А Лешка из всего разговора понял одно — ареста не будет.
XXII
К избе Ивана Ширинкина Петр подошел уже в сумерках. Дернул сыромятный шнур в калитке, поднял засов и ступил за ограду, прислушиваясь, не взлает ли собака. Сразу же, еще до того, как с громким лязгом опустился засов, на крыльце показался сам хозяин, словно все время караулил в сенях. Спросил настороженно:
— Кто тут?
Петр отозвался.
— А! — в голосе Ширинкина прозвучало облегчение.— Заходи в избу!

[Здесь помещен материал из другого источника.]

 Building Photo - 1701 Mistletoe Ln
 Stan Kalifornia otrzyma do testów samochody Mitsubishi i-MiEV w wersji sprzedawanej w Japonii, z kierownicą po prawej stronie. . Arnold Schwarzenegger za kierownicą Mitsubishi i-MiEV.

В сенях он заложил дверь на крюк и вдобавок задвинул железным дрыном. Такая предосторожность еще больше утвердила Петра в мысли, что встреча ему предстоит не совсем обычная... Утром, когда он зашел по делу на кричную фабрику, Ширинкии, улучив минутку, шепнул ему: «Заглянь ко мне нынче ввечеру, сведу тебя с одним человеком... Избу мою знаешь? К кладбищу идти, по правой руке от ворот третья. Надымник — петух с хохолком...» Удерживая одной рукой на весу огромные щипцы, он другой легонько сжал Петру предплечье, и в пожатье этом угадалось нечто большее, чем было сказано словами, — сообщничество, что ли. Хотя с чего ему было взяться, сообщничеству-то? Не с того ли мимолетного разговору про загадочного Метелкина?
В жарко натопленной избе за столом под божницей сидел бородатый мужик с коротко остриженными черно-седыми волосами. Такая же пегая поросль густо покрывала его грудь, видную под расстегнутой рубахой. Перед ним стоял наполовину опорожненный штоф вина и разложены были карты лото. Фишки кучей громоздились на краю столешницы.
— Егор вот, — сказал Ширинкин. — Братан мой. Хочу вас свесть. Может, договоритесь до чего.
Егор зыркнул на Петра маленькими пронзительными глазами.
— В нумерные зерна играешь? — Глаза у него были вовсе без ресниц, голые, как у птицы.
— Играю.
— По копеечке не много станет?
— Не много, — с достоинством отвечал Петр.
Егор усмехнулся, и Петр со стыдом вдруг понял, чему тот усмехнулся, — достоинству, с каким сказано было про копеечку.